4. Store bags properly
Use storage bags, dust bags or dedicate a part of your closet for your babies. Put stuffing into purses that are out of rotation to keep their shape and structure. Keeping your bags stored in a clean space will protect them from hazardous elements and it’s also such a visual treat to see a good display of handbag collections. Need more ideas on how to store your favorite bags? See a more in-depth feature on this topic here.
5. Keep away from extreme temperatures
Leather handbags can be sensitive to extreme temperatures. Prolonged exposure to heat or cold can cause discoloration, pigmentation, cracking or drying. Rain is another hazardous element that can have serious effects on your bag.
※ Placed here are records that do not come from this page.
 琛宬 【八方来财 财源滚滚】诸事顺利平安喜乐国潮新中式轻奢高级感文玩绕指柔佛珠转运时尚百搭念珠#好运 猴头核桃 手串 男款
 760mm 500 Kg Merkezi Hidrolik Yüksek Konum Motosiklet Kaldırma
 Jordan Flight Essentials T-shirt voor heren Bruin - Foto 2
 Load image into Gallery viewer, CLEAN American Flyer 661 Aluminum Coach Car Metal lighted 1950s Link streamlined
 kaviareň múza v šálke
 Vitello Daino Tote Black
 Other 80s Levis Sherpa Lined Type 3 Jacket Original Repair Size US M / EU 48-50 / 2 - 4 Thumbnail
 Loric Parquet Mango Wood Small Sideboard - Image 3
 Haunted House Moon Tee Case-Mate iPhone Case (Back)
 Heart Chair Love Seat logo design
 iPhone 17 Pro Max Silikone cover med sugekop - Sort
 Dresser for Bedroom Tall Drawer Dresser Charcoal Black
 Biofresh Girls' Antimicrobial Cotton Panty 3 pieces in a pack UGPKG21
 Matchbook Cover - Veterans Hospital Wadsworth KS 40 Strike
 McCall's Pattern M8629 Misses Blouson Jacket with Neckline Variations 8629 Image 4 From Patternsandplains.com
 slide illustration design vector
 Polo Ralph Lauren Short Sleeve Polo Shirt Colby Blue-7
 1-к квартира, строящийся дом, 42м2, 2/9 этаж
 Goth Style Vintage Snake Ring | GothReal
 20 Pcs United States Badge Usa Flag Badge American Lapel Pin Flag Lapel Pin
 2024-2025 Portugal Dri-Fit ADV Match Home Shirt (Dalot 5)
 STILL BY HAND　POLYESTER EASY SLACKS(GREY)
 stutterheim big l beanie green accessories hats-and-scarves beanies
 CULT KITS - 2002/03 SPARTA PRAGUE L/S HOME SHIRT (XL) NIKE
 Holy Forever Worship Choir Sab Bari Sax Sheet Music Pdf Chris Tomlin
A quick solution to this is a good coat of protectant like the Collonil Waterstop Reloaded and Collonil Carbon Pro.
A more natural alternative to these sprays is beeswax creams, such as Stone’s Beeswax Leather Cream & Polish and Skidmore’s Leather Cream. However, these have a tendency to darken the leather a bit so make sure to do a test spot first. Also, beeswax can only be used on smooth-grain leather and not on suede or nubuck.
6. Remove stains the right way
There’s a certain science to removing stains. If you don’t do it the right way, you might damage the bag even more so it is important to exercise precaution. This is especially challenging for suede and velvet bags, which are more absorbent than leathers. The key to getting stains out is acting immediately. The longer it sits too long, the harder it will be to take out.
Here are some tricks to treat and remove stains on your bag using household supplies:
Oil stains – Greasy stains from food or cooking oil can be removed by using talcum powder or cornstarch. Sprinkle powder on the affected area and carefully rub it on the leather. Let it sit for about 15-30 minutes and then brush off the powder with a soft bristle toothbrush. You may need to repeat this process a couple of times, depending on how severe the stain is.
Ink stains – Remove ink stains on a leather bag with mild soap and cotton. Gently rub the stain with the damp cotton or cloth. Alcohol can also be used but this can slightly fade the bag’s color. To protect the leather and restore its original state and color, apply a conditioning cream immediately after you’ve taken out the ink stain.
Warning: Don’t attempt to do these DIY treatments on unfinished or naked leather like suede and nubuck. Because of their sensitive nature, you can cause further damage on the material. Your safest bet is to take the stained bag to a dry cleaner or a handbag restorer.
7. Consider handbag restoration services
Thankfully, we now live in a time where there are handbag doctors who can transform old and damaged purses into good-as-new pieces. Handbag restorations take a lot of work, which often involves repainting, polishing, color touch-ups, cleaning and replacing damaged parts. Because of the intricate process that goes into this, handbag spas can be a little expensive, typically priced around $100 – $200 or more.
If you want to save on costs, you might want to consider your local dry cleaner or leather repair shop. Keep in mind though, that these shops’ services might be restricted to just simple cleaning or leather repair. If you really want a “like-new” finish, an expert handbag doctor is your best option but be prepared to splurge a little more.